The significance of being able to coordinate your life in relation to what others are doing and know as you move along in your day is potent. This could be seen in SxSW twitters as people said where they were in the evening at various eaters and events and coordinated meetings. I've heard from several people that the important part of conferences like SxSW is the meetings in the hall and after the presentations. This is where Twitter removes the friction and enables coordinated and optimized meetings.

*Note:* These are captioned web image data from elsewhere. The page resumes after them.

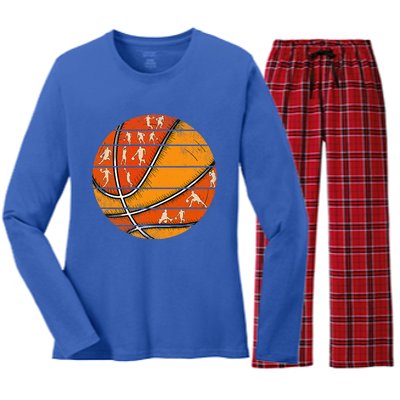 Vintage Basketball Retro Love Basketball Player Women's Long Sleeve Flannel Pajama Set 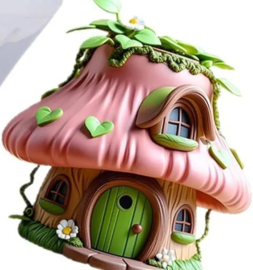 kinderfeestje DIY pakket "mushroom houses"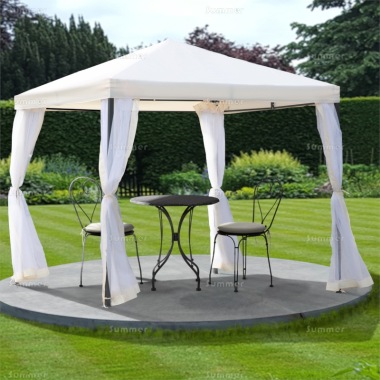 Metal Gazebo 168 - Hipped Roof, Side Screens Metal Gazebo 168 - Hipped Roof, Side Screens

The argument that the discussion on Twitter is insignificant does not apply to mobile communications. Compared to cell phone discussions on the street, buses, trains, etc., Twitter's messages are much more thoughtfully constructed and directed. And mobile phone small talk is not going away

Twitter is probably the first wildly successful and exploding mobile application. The question is will it scale as more people come on board. So far it's had growing pains with the cute kitty image server down messages, slow message refresh response, duplicating messages, and such. From last I've seen, it's built on Ruby on Rails -- a new interpretive web language know to be slow. Unless Twitter works to scale to a likely exponential rise, other startups will probably see the opportunity and take it.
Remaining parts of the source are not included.